Let's begin with the very basics. Let's start in a 1D world. The 1D world is like a piece of string. There is only one axis along which one may move along this string, the X-axis. The only dimension any object can have is length, because there aren't any other dimensions to accomodate width or height. So the only possible objects in 1D are points, which are 0D, and lines, which are 1D.

Line segments lying in a 1D
world

In order to completely specify a line segment, it is enough to specify its starting point and its ending point. In other words, the boundary of an object in 1D consists of points, which are 0D.

Now, let's move to the next higher dimension. The 2D world is a plane, like the surface of a piece of paper, but extending indefinitely in width and length. The 2D world is much more interesting than the 1D world, because a much larger variety of objects are possible. For example, we can have polygons and circles, in addition to points and lines:

Polygons and a circle lying
in a 2D world

What is the boundary of a polygon? A polygon is bounded by line segments, which are 1D. A circle also has a 1D boundary: even though it is a curved boundary, it is fully specified by a single parameter: angle. So 2D objects are bounded by 1D lines and curves.

Now let's move on to the 3D world. Objects in the 3D world are bounded not by lines or curves, but by 2D surfaces. For example, a cube is bounded by 6 squares, and a ball is bounded by a spherical surface. The spherical surface is 2D, because any point on the sphere is fully specified by only two parameters: longitude and latitude.

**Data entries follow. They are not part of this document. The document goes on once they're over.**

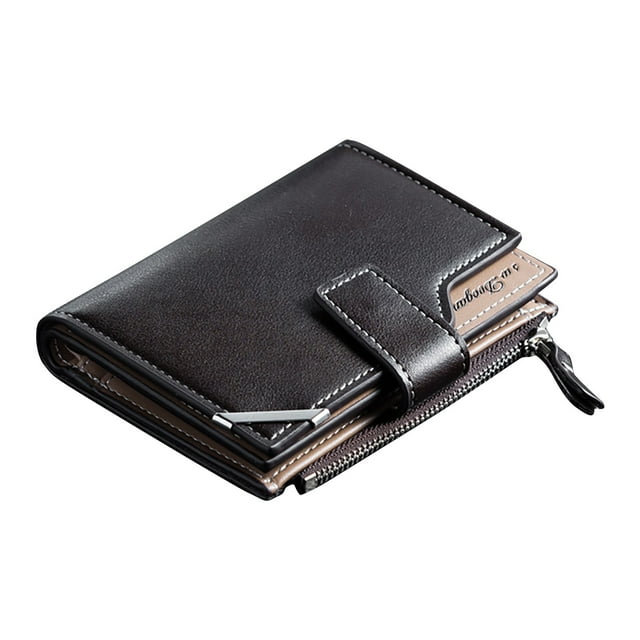 Men's Short Functional Vertical Zipper Buckle Wallet Mens Wallets with Zipper Purses with Matching Wallets Women Wallets Large Capacity Teen Wallet for Boys Ages 15-18 Wallet Clip Neck Wallet Women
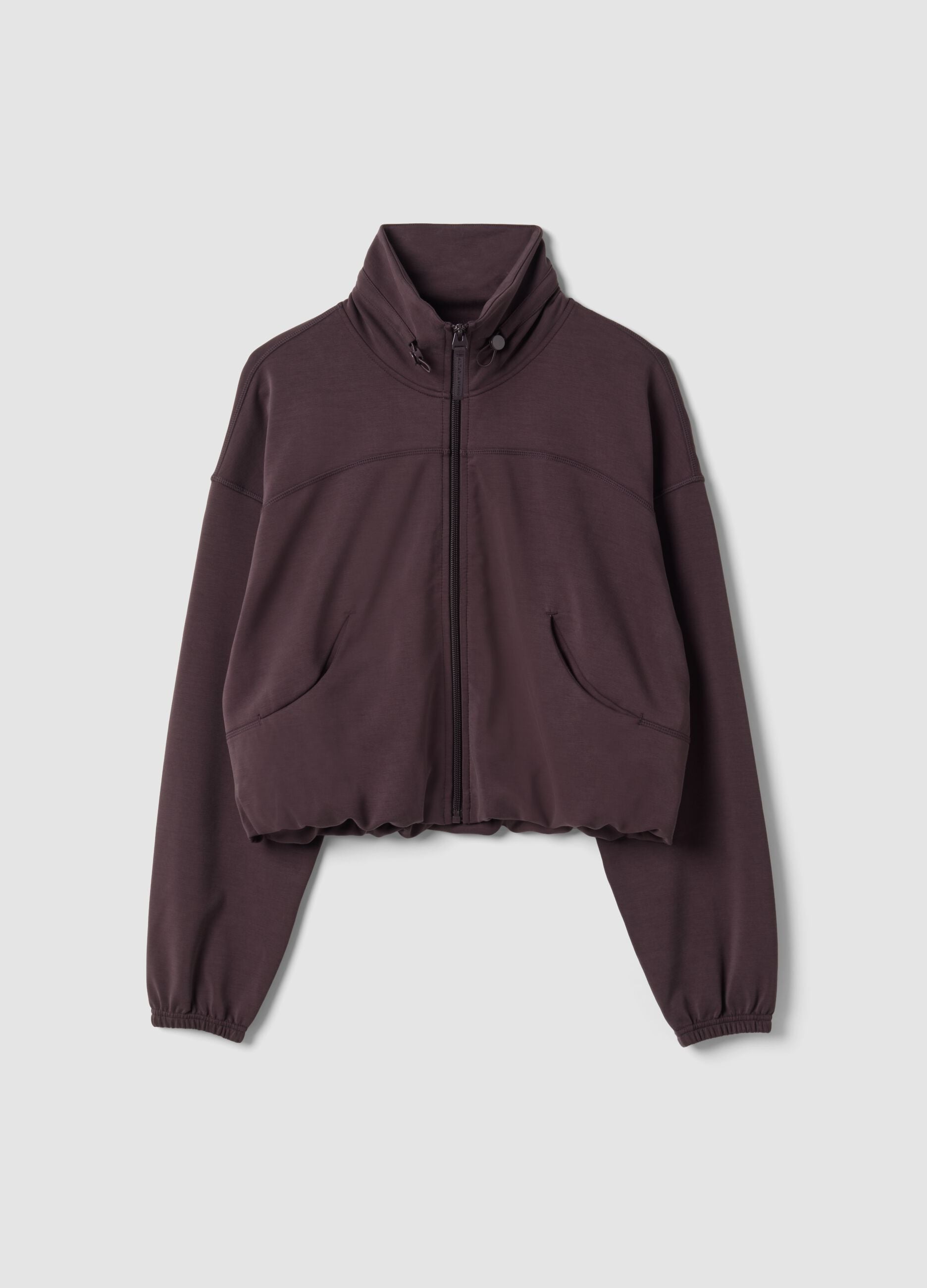 Cropped purple full-zip soft-touch jacket with stand-up collar ALTAVIA STUDIO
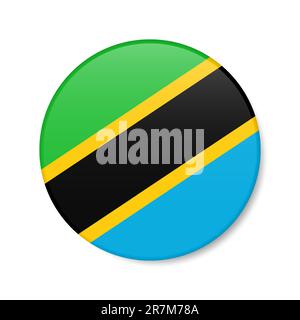 Tanzania circle button icon. Tanzanian round badge flag with shadow. 3D realistic vector illustration isolated on white. Stock Vector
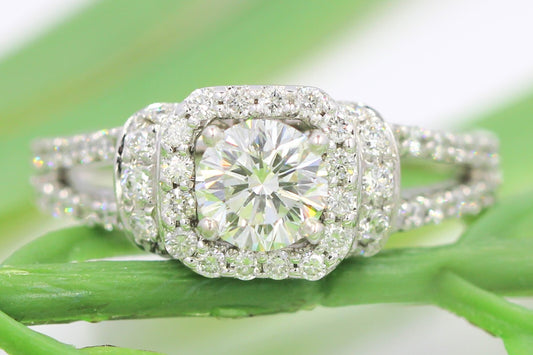 0.70ct Round Modified Brilliant Diamond Halo Engagement Ring — GIA Certified, 14k White Gold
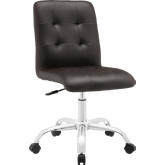 Prim Mid Back Office Chair in Brown Tufted Leatherette on Chrome Base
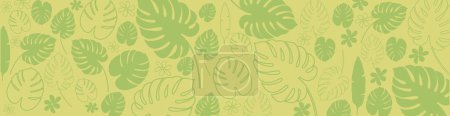 Ilustración de Summer background with tropical plants. Green banner with monstera leaves. Vector illustration - Imagen libre de derechos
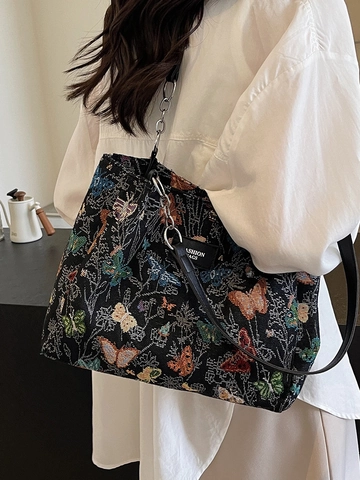 Vintage Canvas Butterfly Pattern Tote Bag For Women Large Capacity Shoulder Bag With Chain Strap Fashion Commuting Bag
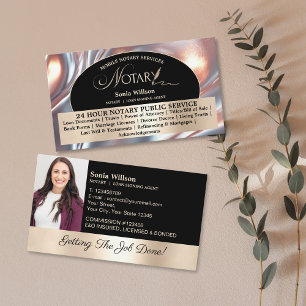 Stylish Mobile Notary & Loan Signing Agent Photo Business Card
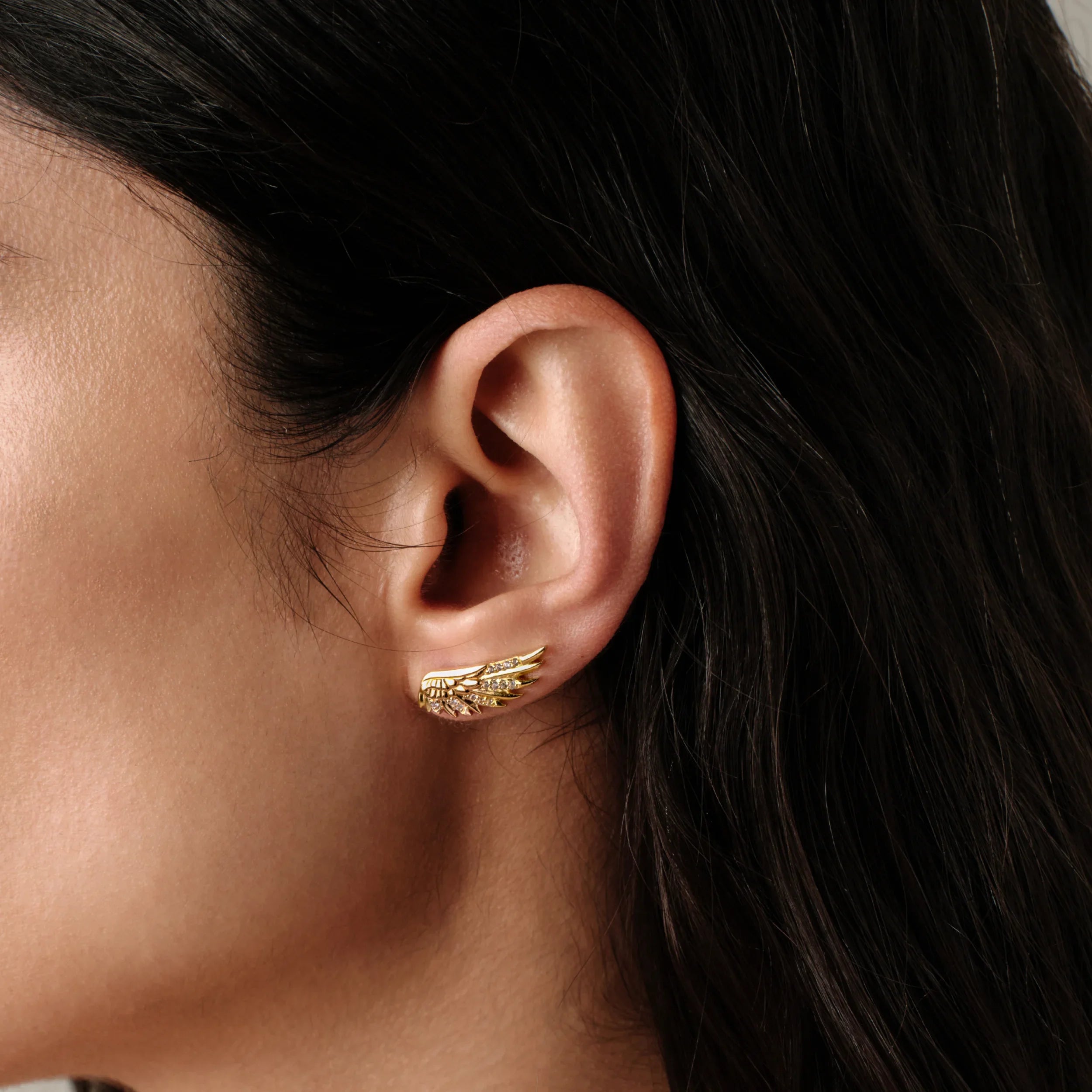 White Sapphire Wing Ear Climber Earring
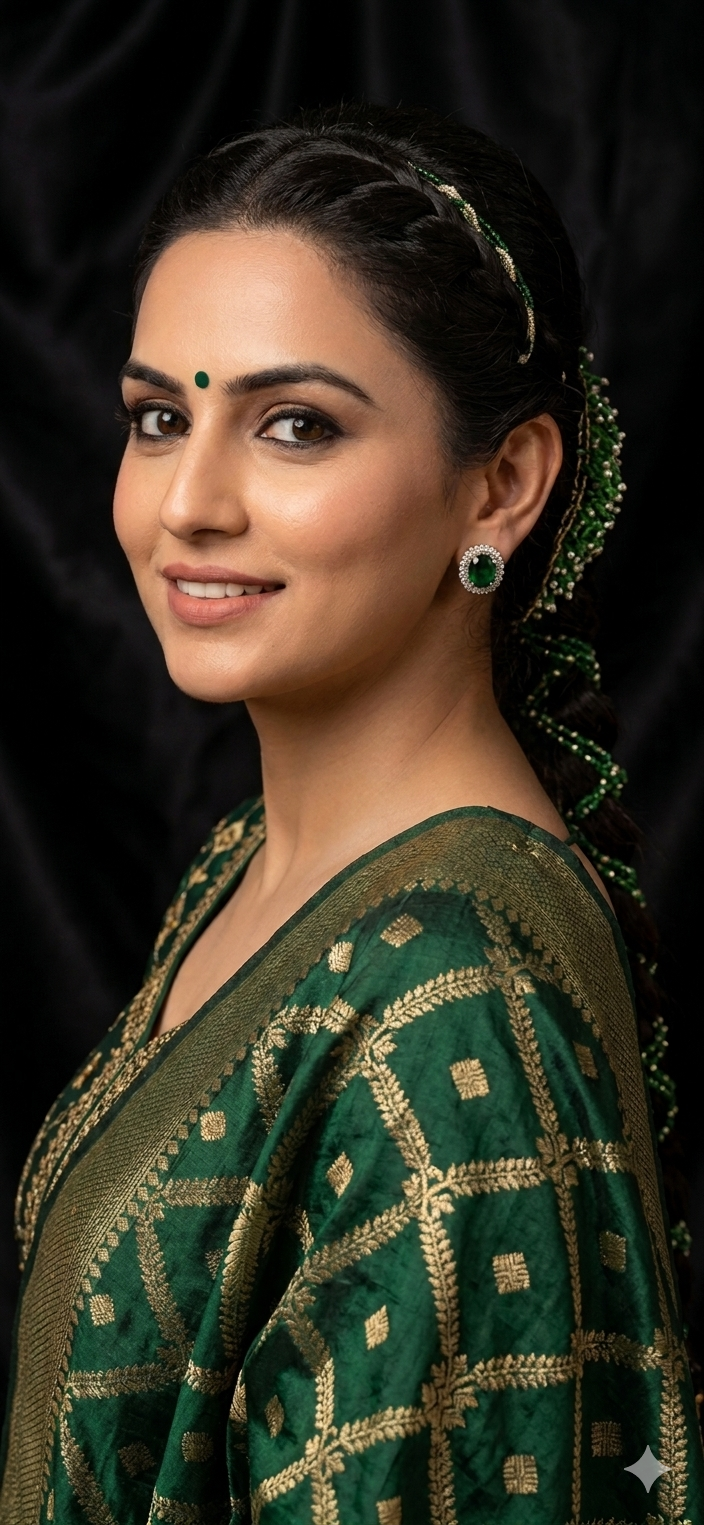 Emerald Halo Classic Stud Earrings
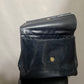 Neiman Marcus Navy Crocodile Print Italy Fold Over Clutch Handbag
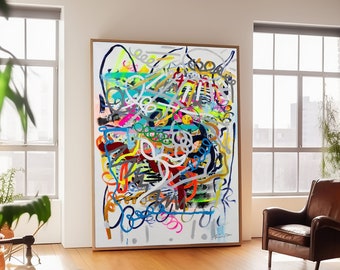 Large Abstract Art Painting Canvas Abstract Print Modern Art Wall Decor White Abstract Colorful Paintings Contemporary Abstract Art Canvas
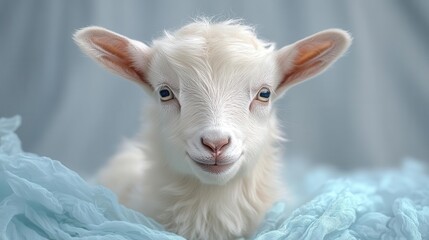 an adorable white goat with a playful expression posed against a seamless white backdrop ready to engage with the viewer in a humorous and charming manner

A cube, an icosahedron, and a
sphere, in 3D space

We can see a pattern emerge here. Objects in 1D are bounded by 0D points; objects in 2D are bounded by 1D lines (or curves); and objects in 3D are bounded by 2D surfaces. In other words, points in 1D are analogous to lines and curves in 2D: they form the boundaries of objects in the respective dimensions. Similarly, bounding lines and curves in 2D are analogous to surfaces in 3D. So, by applying dimensional analogy, we see that in N dimensions, objects are bounded by (N-1)-dimensional boundaries.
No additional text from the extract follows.